Waterschaarste


Tegenwoordig zijn er miljoenen mensen die het moeten doen met de schaarse watervoorraad in het land Israël. In het noorden valt wel behoorlijk wat regen; er zijn soms hele natte winters. Maar meer naar het zuiden grenst het land aan woestijngebieden. Veel water is en wordt nog steeds gebruikt voor bevloeiing (irrigatie) van de droge grond. Men schat dat minstens 80% van het Jordaanwater wordt afgetapt. In de hete Jordaanvallei, en vooral bij de Dode Zee, is er veel verdamping. Van een flinke zijrivier als de Jarmoek moet je ook niet zoveel verwachten: deze rivier loopt voor een groot deel door buurlanden, waar ze natuurlijk ook om water zitten te springen!
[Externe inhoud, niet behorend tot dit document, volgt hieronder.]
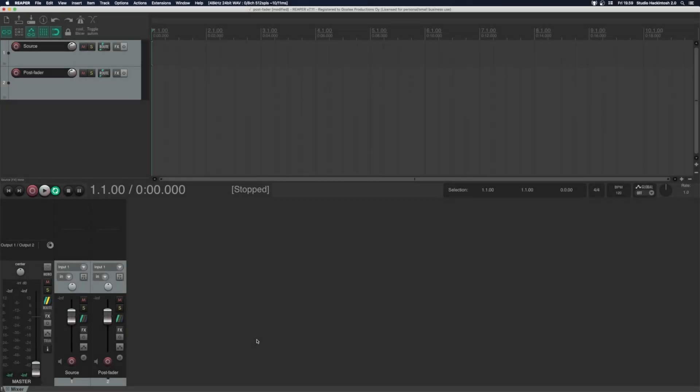Welcome back. I really like Reaper but there is one fundamental functionality that is missing and that's post fader inserts. It's not that everybody needs this feature but it's very handy for several use cases.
   Wat is de Jordaan nu nog?   

Industrie, die we eveneens vinden in Israël, vraagt natuurlijk ook water, dus het is geen wonder dat het waterpeil in de Jordaan aan het dalen is. “Het is, vergeleken met vroeger, niet meer dan een modderstroom”, wordt wel gezegd. Ook de kwaliteit van het Jordaanwater wordt minder als je verder naar het zuiden gaat. Het water van de Dode Zee daalt tegenwoordig met ongeveer een meter per jaar. Dat heeft ook te maken met de vele industrieën die we er aantreffen. Veel Israëli’s en Jordaniërs vinden daar werk. Daartegenover staat dat Israël de laatste jaren zeer goede resultaten heeft bereikt op het gebied van waterzuivering en ontzilting. Dat heeft het waterprobleem in het land vrijwel opgelost. Zelfs vragen andere landen om kennis van de watertechnologie van Israël. Het land kan soms zuiver water exporteren. En dat in een droog klimaat!

   Conflict om water   

Water speelt ook een rol in de verhouding tussen Israël en de Arabieren (Palestijnen). Deze laatsten beweren dat ze slecht door Israël worden behandeld. Immers, de bewoners van de Westelijke oever van de Jordaan krijgen veel te weinig water, is hun opvatting. Een Arabier krijgt gemiddeld wel drie of vier keer minder water als een Israëli, die er royaal zijn zwembad mee kan vullen, zo klagen ze. Er wordt wel veel regenwater ondergronds, onder de heuvels, opgeslagen, dat door de bewoners weer kan worden opgepompt. Maar een heel groot deel ervan vloeit weer naar Israëlisch gebied. Aan de andere kant: Israël zegt dat de Arabieren niet verstandig met het water omgaan: ze zouden beter gebruik moeten maken van waterzuivering, zoals de Israëli’s ook zelf doen. Dan hoeven ze geen ‘vers’ water voor bevloeiing van het land te gebruiken. Tegelijk moeten we bedenken dat de welvaart in Israël veel groter is, met grote bevolkingscentra en veel bedrijven. Daardoor zal er meer behoefte zijn aan water. Intussen is volgens de Israëli’s de situatie voor de Arabieren sterk verbeterd. En ook zijn tegenwoordig bijna alle Palestijnen aangesloten op de waterleiding. Hoe zou dat in omringende landen zijn?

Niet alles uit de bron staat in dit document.